Written by: CEHD Communications Staff
Post date: November 13, 2017

Teacher professional development is increasingly moving online, saving school districts money and offering teachers greater flexibility and convenience.

A new five-year project—Massive Open Online Professional Informal Individual Learning (MOOPIL)—taps into the potential of online learning and professional development. The project is funded by the U.S. Department of Education for $2.68 million and will offer online professional development to teachers, school leaders, and paraprofessionals serving English learners, as well as students’ family members.

“We are happy we will be able to offer 2,500 in-service teachers over five years virtual professional development to improve their pedagogical decisions,” said Dr. Beverly J. Irby, project principal investigator and Associate Dean for Academic Affairs in the College of Education & Human Development. “Additionally, we will work with 100 administrators, 150 paraprofessionals, and 100 parents/family members virtually to help them to have a better understanding of implementation of instructional strategies for English learners at school and at home.”
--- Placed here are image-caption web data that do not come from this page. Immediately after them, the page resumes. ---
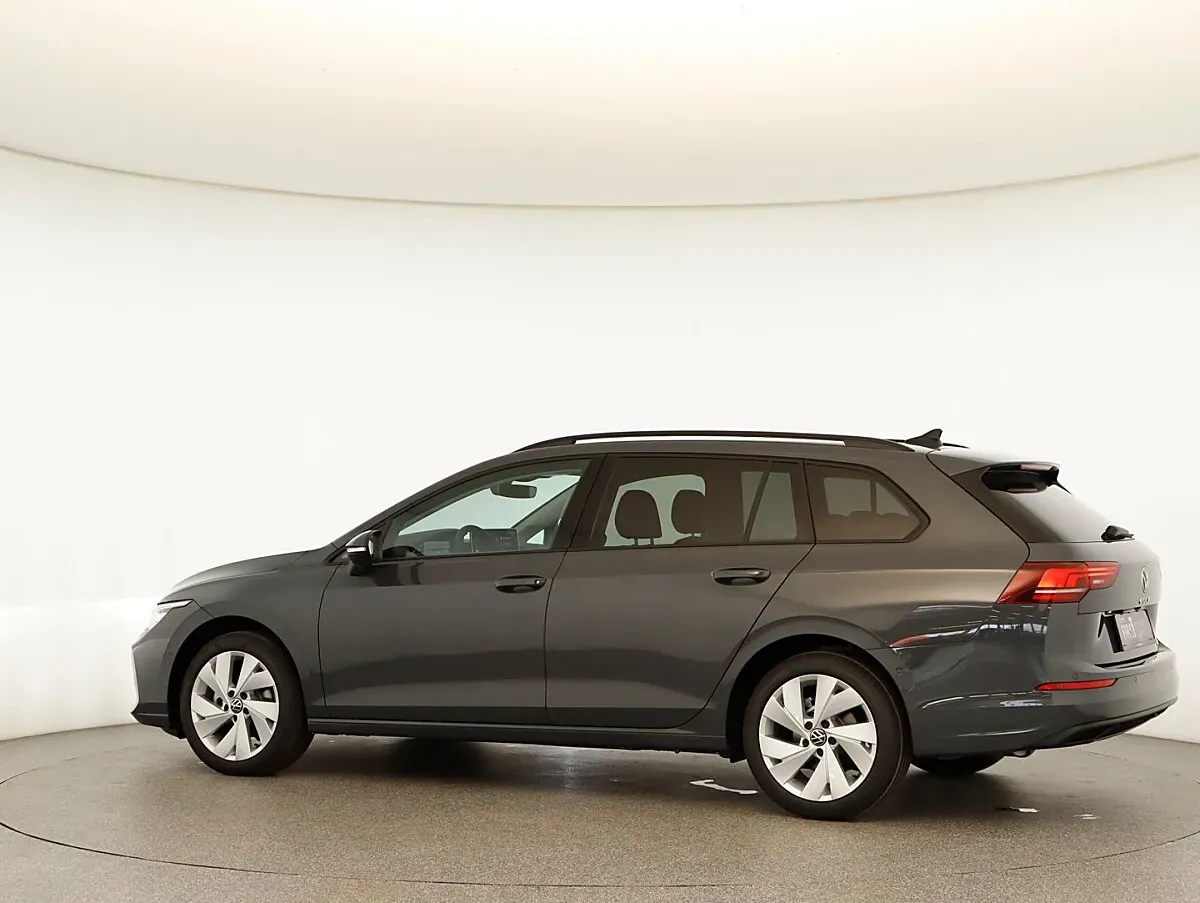 Volkswagen Golf 2026 photo 3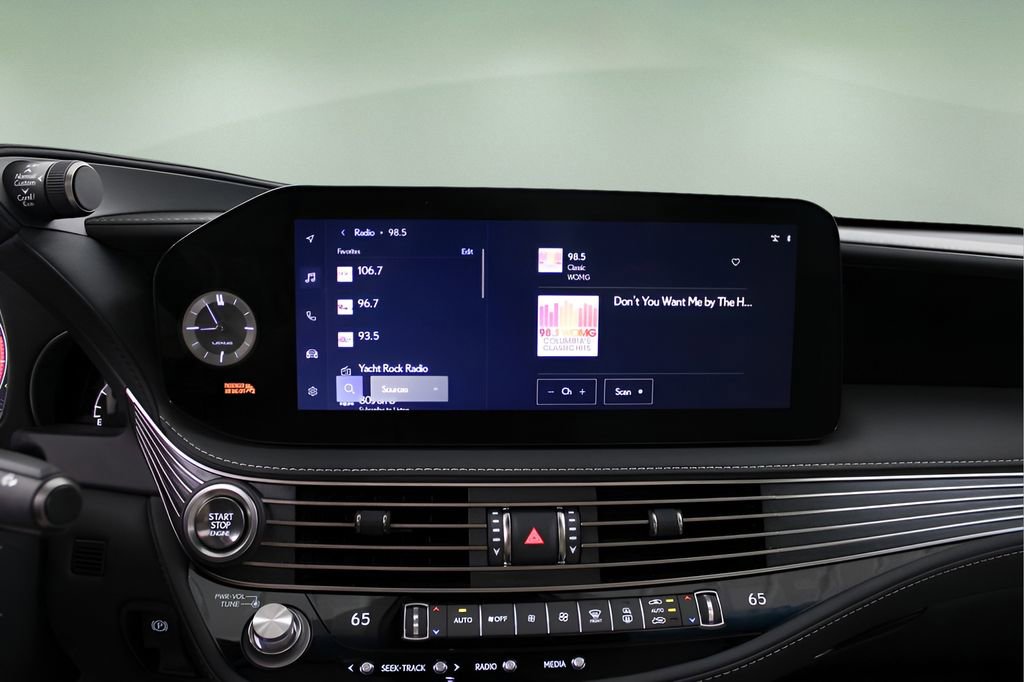 Used 2023 Lexus LS 500 w/ Interior Upgrade Package image 21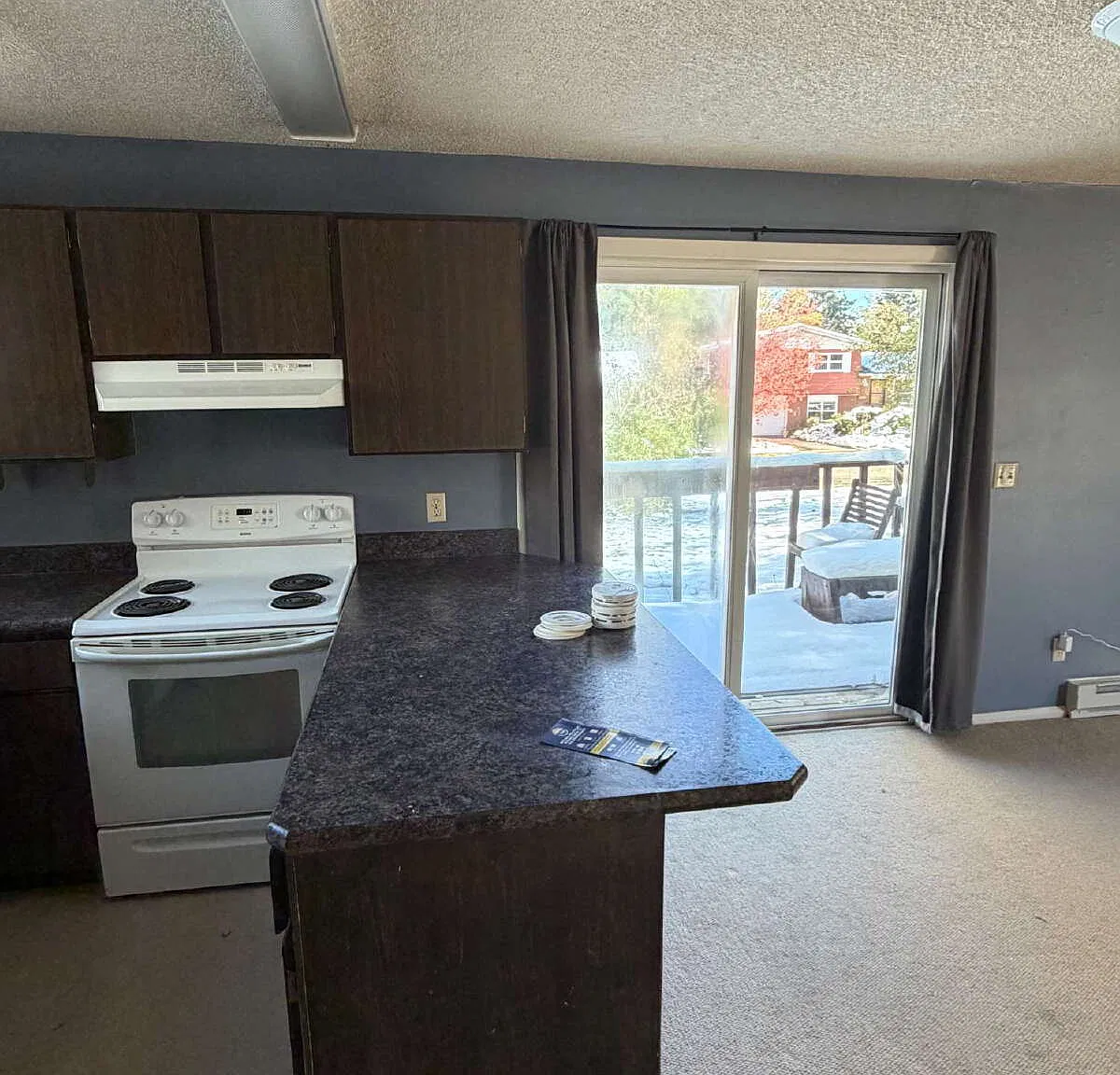 2 bed, 1.5 bath, $1,400 — Photo 3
MOOPIL is one of two National Professional Development grants awarded to Dr. Irby in 2017 by the U.S. Department of Education. Dr. Rafael Lara-Alecio, Regents Professor of bilingual education, and Dr. Fuhui Tong, associate professor of bilingual education, are co-principal investigators.

The project will provide teachers and other school personnel with a convenient online portal to improve their skills through live professional development seminars and recorded videos.

“All school participants will receive continuing education certificates,” Dr. Irby said.

Continuing professional education (CPE) is required to renew Texas teacher certificates, and classroom teachers must complete 150 hours every five years. MOOPIL will offer 1 CPE for every hour of training.

The project is housed in the Education Leadership Research Center (ELRC) and Center for Research & Development in Dual Language & Literacy Acquisition (CRDLLA).